Wednesday, March 17, 2010

sitting in the library

sitting here in the cave of mcclellan i noticed, as never before, how the face of the kid sitting across from me is almost completely blocked out by his computer screen. save his hairline and occasionally a chunk of forehead, i can't see any of his face. i feel like it would be interesting to somehow document how much time we spend staring into computer screens, and how silly the screens look when we look back on them. have you ever noticed how whenever there's a television or computer screen in some home movie it always looks so obviously silly and boring and small and meaningless and yet the people in the video remain enraptured by the screen? how only through this new medium, this further distance can one readily distinguish how really flat and ridiculous such things are? i feel like i should try and make something that communicates how ridiculous that flatness is

Sunday, March 7, 2010

Segal's

I worked at Segal's last night for the first time since this summer. My shift was from 6:15 until 12:30. I forgot what that place was like, that one indeterminate smell that's stuck in your nose within about 3 minutes of being in there. I think it might be from the fans. We had to wash and clean and squeegee and soak all the stands where the vegetables sit, Segal's is much cleaner than you would think. When the cooling fans underneath were turned back on, that musty, long-sitting-vegetables smell came surging back.

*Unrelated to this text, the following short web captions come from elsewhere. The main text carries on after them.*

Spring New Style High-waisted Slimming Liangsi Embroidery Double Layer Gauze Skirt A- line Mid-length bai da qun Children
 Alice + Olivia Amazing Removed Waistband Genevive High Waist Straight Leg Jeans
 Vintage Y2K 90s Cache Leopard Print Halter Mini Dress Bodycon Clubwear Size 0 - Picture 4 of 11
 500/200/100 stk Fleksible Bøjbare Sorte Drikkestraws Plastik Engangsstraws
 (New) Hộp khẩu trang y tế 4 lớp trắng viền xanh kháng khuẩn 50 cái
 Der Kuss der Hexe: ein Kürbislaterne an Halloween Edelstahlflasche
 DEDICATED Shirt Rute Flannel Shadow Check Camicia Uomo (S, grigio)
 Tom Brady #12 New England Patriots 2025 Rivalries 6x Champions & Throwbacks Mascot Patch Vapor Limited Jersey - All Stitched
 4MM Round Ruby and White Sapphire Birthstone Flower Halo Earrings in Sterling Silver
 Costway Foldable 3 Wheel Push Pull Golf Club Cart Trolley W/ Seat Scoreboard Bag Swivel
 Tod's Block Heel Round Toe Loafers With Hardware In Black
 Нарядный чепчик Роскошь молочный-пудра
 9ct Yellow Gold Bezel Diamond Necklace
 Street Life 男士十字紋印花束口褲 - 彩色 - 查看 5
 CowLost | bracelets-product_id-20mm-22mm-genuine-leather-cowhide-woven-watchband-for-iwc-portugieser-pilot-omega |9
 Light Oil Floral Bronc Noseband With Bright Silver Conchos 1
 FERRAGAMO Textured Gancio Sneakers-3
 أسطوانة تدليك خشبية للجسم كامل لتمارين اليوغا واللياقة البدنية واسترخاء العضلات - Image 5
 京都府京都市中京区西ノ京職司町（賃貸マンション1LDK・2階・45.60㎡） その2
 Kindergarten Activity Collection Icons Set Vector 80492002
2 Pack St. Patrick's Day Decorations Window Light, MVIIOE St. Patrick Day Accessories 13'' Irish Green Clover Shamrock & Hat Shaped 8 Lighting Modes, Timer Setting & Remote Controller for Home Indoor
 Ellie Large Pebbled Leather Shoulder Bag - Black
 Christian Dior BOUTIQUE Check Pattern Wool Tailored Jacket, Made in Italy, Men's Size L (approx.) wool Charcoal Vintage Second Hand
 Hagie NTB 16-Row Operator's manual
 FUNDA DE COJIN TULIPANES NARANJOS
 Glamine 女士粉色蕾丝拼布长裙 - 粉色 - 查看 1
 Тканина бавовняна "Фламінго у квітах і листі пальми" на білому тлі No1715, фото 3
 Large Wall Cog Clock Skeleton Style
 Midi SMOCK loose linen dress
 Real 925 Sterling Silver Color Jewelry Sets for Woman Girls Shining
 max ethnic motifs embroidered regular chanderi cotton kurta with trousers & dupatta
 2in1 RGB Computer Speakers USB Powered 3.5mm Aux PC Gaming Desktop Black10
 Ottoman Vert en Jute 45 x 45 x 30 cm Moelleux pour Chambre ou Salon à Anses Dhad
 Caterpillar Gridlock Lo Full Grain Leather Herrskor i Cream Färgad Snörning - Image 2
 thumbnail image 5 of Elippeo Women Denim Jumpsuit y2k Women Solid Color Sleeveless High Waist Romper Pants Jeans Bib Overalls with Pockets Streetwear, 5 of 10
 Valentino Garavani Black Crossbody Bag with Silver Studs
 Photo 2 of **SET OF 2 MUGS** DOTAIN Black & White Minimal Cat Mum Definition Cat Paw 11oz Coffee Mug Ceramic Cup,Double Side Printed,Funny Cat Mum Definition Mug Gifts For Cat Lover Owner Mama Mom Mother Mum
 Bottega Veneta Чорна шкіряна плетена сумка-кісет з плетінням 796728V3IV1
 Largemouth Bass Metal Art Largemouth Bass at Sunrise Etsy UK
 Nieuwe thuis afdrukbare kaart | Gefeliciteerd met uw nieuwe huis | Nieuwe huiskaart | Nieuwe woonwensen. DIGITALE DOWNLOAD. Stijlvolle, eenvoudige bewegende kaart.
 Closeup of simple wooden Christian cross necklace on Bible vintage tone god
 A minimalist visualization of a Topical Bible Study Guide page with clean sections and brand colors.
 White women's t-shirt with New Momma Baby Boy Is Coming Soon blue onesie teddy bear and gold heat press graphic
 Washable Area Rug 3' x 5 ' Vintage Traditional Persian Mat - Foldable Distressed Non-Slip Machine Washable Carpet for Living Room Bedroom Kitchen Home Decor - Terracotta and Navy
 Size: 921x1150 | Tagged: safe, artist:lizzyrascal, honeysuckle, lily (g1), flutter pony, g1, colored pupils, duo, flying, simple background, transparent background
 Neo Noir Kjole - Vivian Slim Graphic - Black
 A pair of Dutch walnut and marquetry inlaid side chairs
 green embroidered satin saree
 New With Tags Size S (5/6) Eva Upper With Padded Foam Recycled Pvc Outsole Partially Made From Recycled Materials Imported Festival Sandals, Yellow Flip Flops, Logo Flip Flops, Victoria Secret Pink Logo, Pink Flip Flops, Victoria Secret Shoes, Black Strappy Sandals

Handtrucks are the tool of the work. You can have a real swagger with one, they turn so quick and push so easy that it's easy to look really blithe even with sixty pounds of carrots. it's also really easy to crash into things when you have an unwarranted swagger like i do, i blithely, accidentally gashed a large bag of grain once swaggering by. Handtrucks also make the work sort of useless though. When I had first started working there I imagined that I was going to get jacked working there carrying stuff but it was made lamentably easy. I never got muscle-tired at Segal's, only the useless weariness of standing on your feet for 7 hours, it's a really underrated misery. When I worked there over the summer, the real difficulty had been not carting the yogurt but the feminizing, small and petty labor of depositing it in the shelves. Crouching and stacking and stretching out little fingers was the difficult part. Especially in the yogurt section; there, the fridges were covered by these thick plastic curtains sort of like in a carwash that would trudgingly push against you to retake their rightful place.

i feel sick and do not want to write anymore. i don't want to apologize to joanna, i am not a bad person, i don't want to see anyone.